What happened to the good, old-fashioned handshake? Is it like the victorious 'high-five'?
The Washington Post referred to Obama's goodwill gesture as "the fist bump heard around the world." Time magazine published "A Brief History of the Fist Bump." "How to Fist Bump" videos began cropping up on YouTube. It has its own, trivia-crammed entry on Wikipedia.
But for a current hot topic, the fist bump is far from new.
Chances are, if you're just hearing about the suddenly controversial hand gesture, you've never watched professional sports, Bud Light commercials or the Wonder Twins of "Super Friends" fame.

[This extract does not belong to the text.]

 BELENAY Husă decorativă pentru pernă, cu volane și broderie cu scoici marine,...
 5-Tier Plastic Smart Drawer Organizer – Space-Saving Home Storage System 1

A "manly" alternative to the high-five, the fist bump, which some sources date back to 1970s NBA players, has been around for years in both sports and hip-hop culture.

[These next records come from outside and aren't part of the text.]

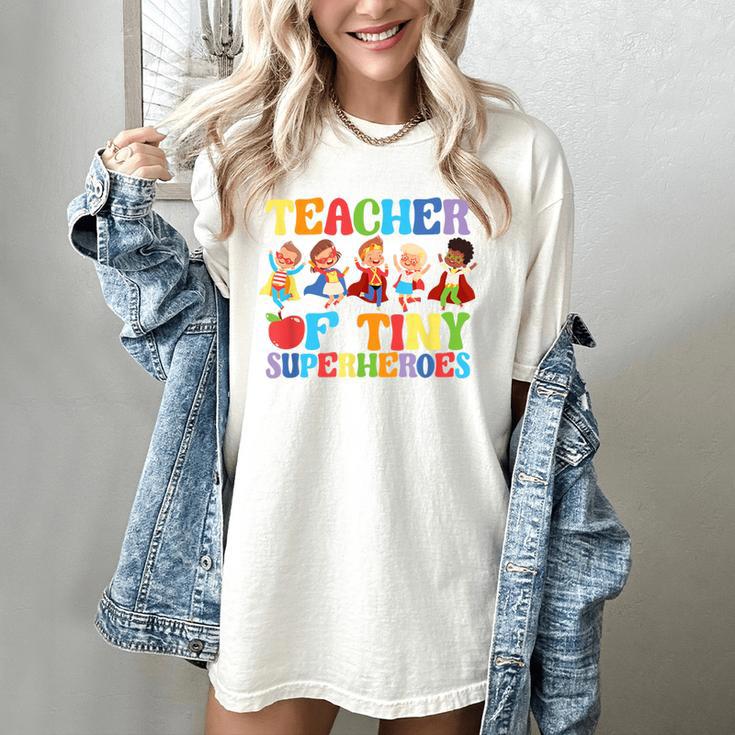 Teacher Of Tiny Superheroes Teach 100th Day Of School Women's Comfort Colors T-Shirt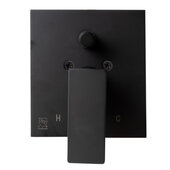 ALFI brand Black Matte Shower Valve with Square Lever Handle and Diverter, 7-1/4'' W x 5-1/8'' D x 2'' H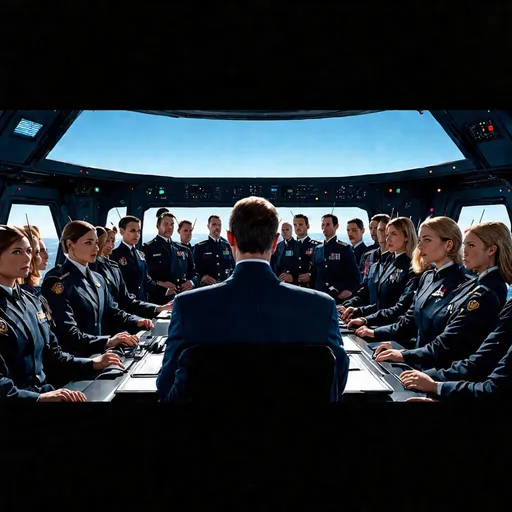 Prompt: (((The massive bridge of the starship is abuzz with activity as a diverse group of 16 recently graduated Cosmicfleet Academy cadets and 20 officers from various species.))). (((There are 4 Human men & 4 human women))), (((4 green matte))) (((men and women aliens with antennas, coming out of their heads))), (((6 metallic blue  headed humanoid ?male and female aliens, (((4 indigo matte humanoids with yellow freckles running in a weaving pattern over there right side of their face))), work together to prepare for their maiden voyage, of exploration. (((The bridge is meticulously designed to resemble the original USS Enterprise NCC 1701))). (((All of the crew are dressed in Victorian style uniforms designed, by Denise and Mike Okuda))). (((The aliens are designed, by Michael Westmore and Ridley Scott.))). (((As the cadets busy themselves with pre-flight checks, the human Caucasian male captain surveys the bridge with a seasoned eye, his experience and leadership evident in his confident demeanor.))). He's sitting, in his command chair. (((The air is electric with excitement and anticipation, as the next generation of Starfleet officers embarks on a journey under the guidance of a legendary captain.)))., 3d render, cinematic, vibrant, wildlife photography, fashion, portrait photography, 24 women, Blue eyes, Brown Hair, Black Hair, Red Eyes, Hair Ornament, Animal Ears, 24 men, Looking at viewer, Blonde Hair, Brown Hair, Black Hair, Japanese, Chinese, Dutch, Norwegian, German, Swedish, Italian, 5 Kenyan humans, Masterpiece, High Resolution, Anatomically Correct, Award Winning, Best Quality, High Details, UHD, Super Detailed, Long Hair, Short Hair, Blonde Hair, Brown Hair, Well Endowed. Bright vibrant scene.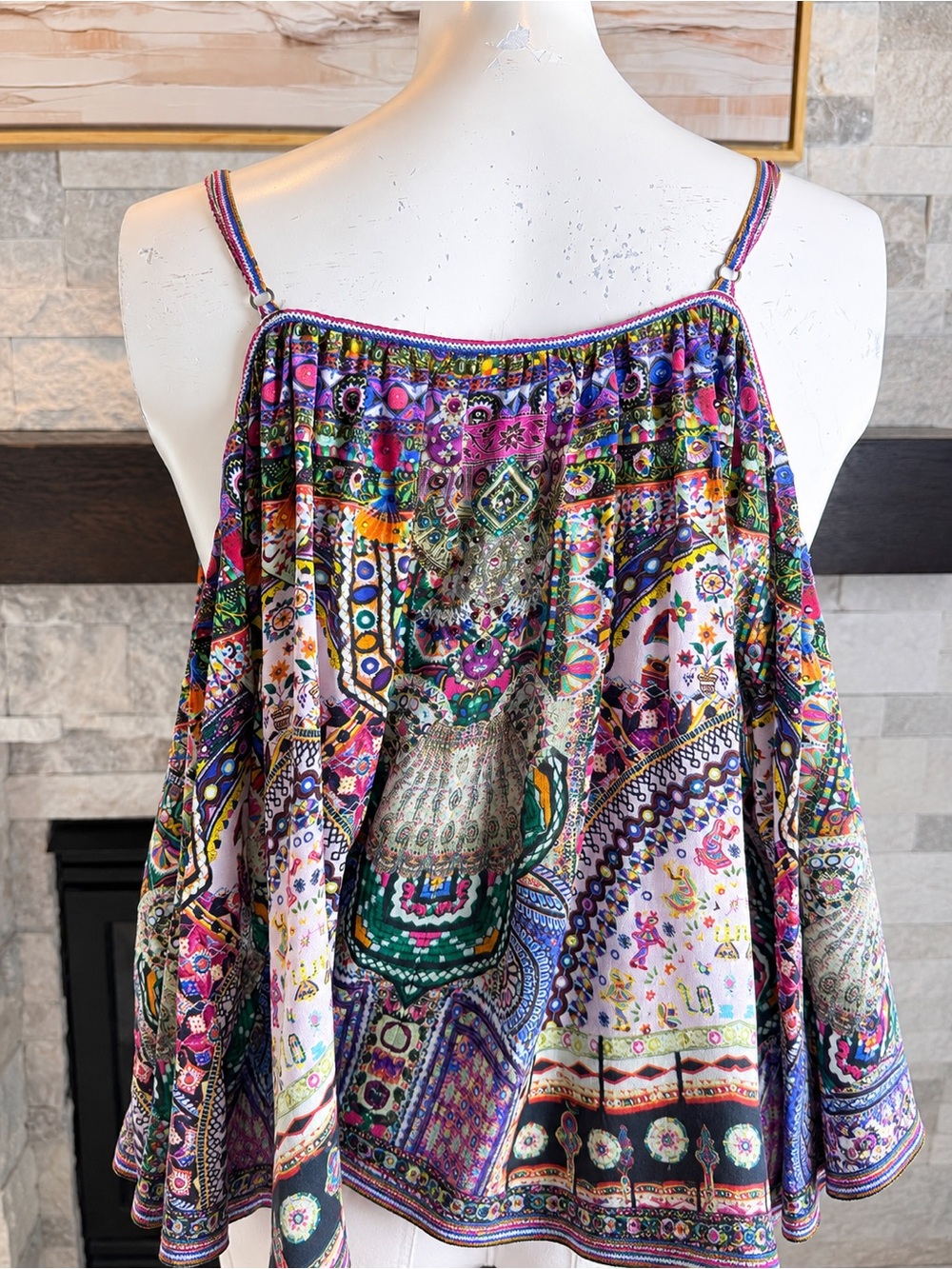 Camilla Embellished Silk Cold Shoulder Top Blouse M - Picture 4 of 11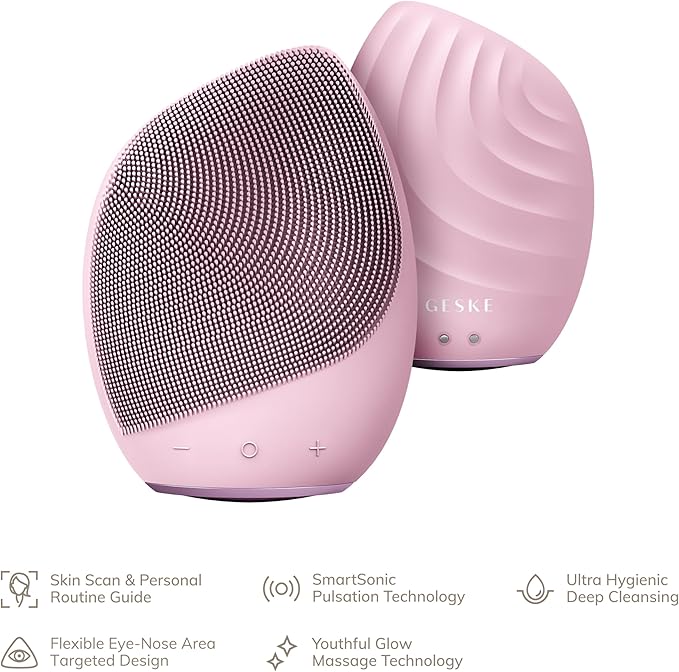 GESKE SmartAppGuided™ Sonic Facial Brush 5 in 1 | Vibrating Electric Facial Cleansing Brush | Soft Silicone Brush | Professional Facial Cleanser | Skin Cleanser &amp Exfoliator | Face Massager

The gesture has since gone mainstream, appearing in movies such as 2007's "Wild Hogs" and the recently released "Kung Fu Panda." Howie Mandel, the germ-phobic host of "Deal or No Deal," exchanges fist bumps instead of handshakes with guests.
Closer to home, Timothy Wyrosdick, Santa Rosa School District assistant superintendent, bumped fists with students at the Gulf Breeze Elementary School fifth-grade graduation on June 4.
"It came from my athletic background. Shaking hands is a little too formal on the gridiron," Wyrosdick said. "It's a fun, informal way to say hello or goodbye or it's a congratulatory-type gesture."
But, as most trend-followers know, once your dad's company softball team — or presidential candidate — starts doing it, the cool factor is long gone.
Pensacola resident Tracy Powell, who is black, receives regular "goodbye" fist bumps from a male buddy, who is white.
"He thinks it makes him cool, but he's a dork," she said, laughing. "It isn't a cultural thing when we do it. It's an 'I'm too busy to talk right now, but I acknowledge that you're leaving' thing. It's lame, but it's funny."
On Oct. 5, 2007, New York blogger Anil (anil.vox.com), wrote, "As I've been trying to educate people... THE FIST BUMP IS DEAD. (White people, I'm looking at you.) Please stop doing this now. It's over. The time has gone."
Maybe the fist bump is played out. But if Barack Obama is smart, the "freedom fist" could have a future in politics.
HISTORY OF THE FIST BUMP
The handshake, which itself dates back to ancient times, begat the "gimme-five" palm slap that later evolved into the now universal "high-five" and, finally, the fist bump.
Origins: Some claim the act of knuckle-bumping began in the 1970s with NBA players such as Baltimore Bullets guard Fred Carter. Others claim the fist bump's national debut occurred off the court, citing the Wonder Twins, minor characters in the 1970s Hanna-Barbera super-hero cartoon "Super Friends," who famously touched knuckles and cried "Wonder Twin powers, activate!" before morphing into animals or ice sculptures.
What is the next "hip" handshake? The Life section offers the following suggestions:
The Rock, Paper, Scissors: Why not give your greeting game? A simple "hello" is no match for a heated exchange of "Paper covers rock!" "Rock smashes scissors!"
The Thumb War: "One, two, three, four... I declare a thumb war." Meeting your future in-laws? Trying to impress the boss? Assert your dominance with this action-packed handshake.
The Vulcan: Politicians, take note! Court the small but vocal "SciFi enthusiast" vote with this "Star Trek"-themed shake. Extra points if you follow up with the Vulcan Mind Meld.